Studio album by Missing Persons
- Released: October 8, 1982
- Recorded: 1980–1982
- Studio: Chateau Recorders (Los Angeles)
- Genre: New wave; rock;
- Length: 42:38
- Label: Capitol
- Producer: Ken Scott

Missing Persons chronology
|  | Spring Session M (1982) | Rhyme & Reason (1984) |

Singles from Spring Session M
- "Words" Released: May 1982; "Destination Unknown" Released: September 1982; "Windows" Released: January 1983; "Walking in L.A." Released: February 1983;

= Spring Session M =

Spring Session M is the debut studio album by American rock band Missing Persons. It was released on October 8, 1982, by Capitol Records. The title of the album is an anagram of the band's name. Produced by Ken Scott with the songs written by Terry Bozzio, Dale Bozzio, and Warren Cuccurullo, Spring Session M is a new wave rock album with elements of synth-pop.

Upon its release, the album received generally positive reviews from music critics and also noted commercial success, peaking at #17 on the Billboard 200. Spring Session M was certified gold by the Recording Industry Association of America (RIAA).
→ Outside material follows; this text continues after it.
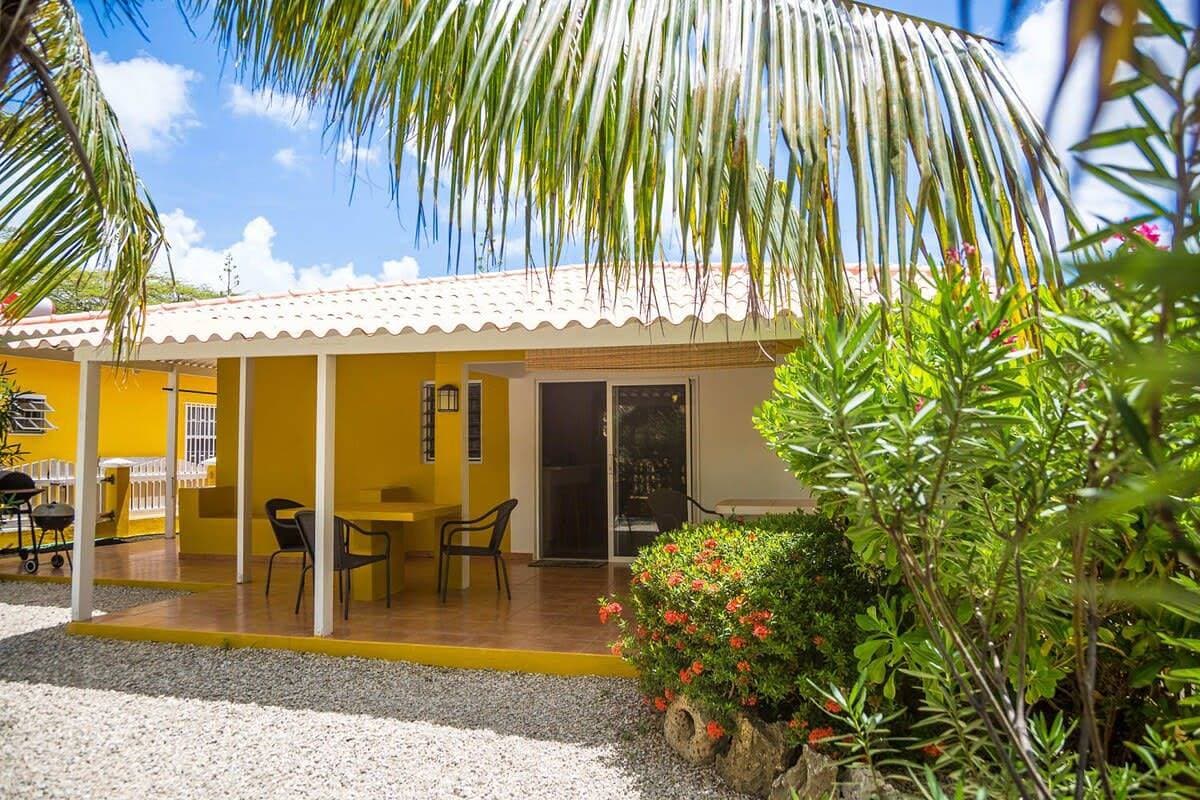 Foto 4 von 22: Bungalow für 4 Personen mit Garten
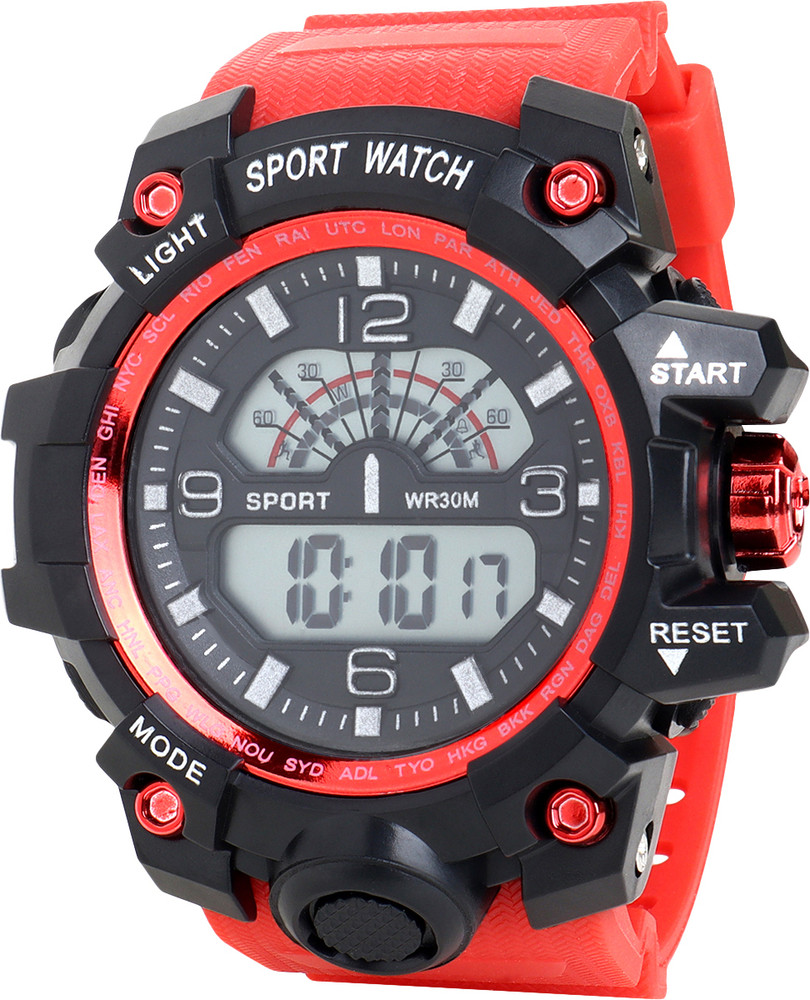 Skmei sports cheap watch flipkart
Four singles were released from the album: "Words", "Windows", "Destination Unknown", and "Walking in L.A." All singles charted on the Billboard Hot 100, with "Words" and "Destination Unknown" both reaching #42, and the music videos also received regular airplay on MTV.

Professional ratings
Review scores
| Source | Rating |
| AllMusic | Star Half star |
| Christgau's Record Guide | C+ |

==Track listing==

CD bonus tracks (2021 Rubellan Remasters edition)

Original release
| No. | Title | Writer(s) | Length |
|---|---|---|---|
| 1. | "Noticeable One" | Dale Bozzio; Terry Bozzio; Warren Cuccurullo; | 3:22 |
| 2. | "Windows" | D. Bozzio; T. Bozzio; | 4:59 |
| 3. | "It Ain't None of Your Business" | T. Bozzio; Cuccurullo; | 2:55 |
| 4. | "Destination Unknown" | D. Bozzio; T. Bozzio; Cuccurullo; | 3:34 |
| 5. | "Walking in L.A." | T. Bozzio; | 3:59 |
| 6. | "U.S. Drag" | T. Bozzio; Cuccurullo; | 3:36 |
| 7. | "Tears" | D. Bozzio; T. Bozzio; | 4:22 |
| 8. | "Here and Now" | D. Bozzio; T. Bozzio; Cuccurullo; | 3:26 |
| 9. | "Words" | T. Bozzio; Cuccurullo; | 4:25 |
| 10. | "Bad Streets" | T. Bozzio; | 3:41 |
| 11. | "Rock and Roll Suspension" | D. Bozzio; T. Bozzio; Cuccurullo; | 2:34 |
| 12. | "No Way Out" | T. Bozzio; Cuccurullo; | 2:45 |
| Total length: |  |  | 42:38 |

1995 reissue bonus tracks
| No. | Title | Writer(s) | Length |
|---|---|---|---|
| 13. | "Hello, I Love You" | Jim Morrison; Ray Manzarek; Robbie Krieger; John Densmore; | 2:18 |
| 14. | "Mental Hopscotch" | T. Bozzio; Cuccurullo; | 3:14 |

==Personnel==
Missing Persons
- Dale Bozzio – vocals
- Terry Bozzio – vocals, keyboards, synthesizers, drums, percussion
- Warren Cuccurullo – guitar, vocals
- Patrick O'Hearn – electric and synthesized bass; keyboards, synthesizers
- Chuck Wild – synthesizer, keyboard

Production
- Ken Scott – producer, engineer
- Brian Leshon, Phil Jost, Ralph Sutton – assistant engineers
- Bernie Grundman – mastering
- Glen Wexler – photography, art direction, design
- Kurt Triffet – artwork and design

==Charts==

===Weekly charts===

| Chart (1982–1983) | Peak position |
|---|---|
| Australia (Kent Music Report) | 73 |
| US Billboard 200 | 17 |

===Year-end charts===

| Chart (1983) | Position |
|---|---|
| US Billboard 200 | 23 |

==Certifications and sales==

| Region | Certification | Certified units/sales |
| United States (RIAA) | Gold | 500,000^{^} |
^{^} Shipments figures based on certification alone.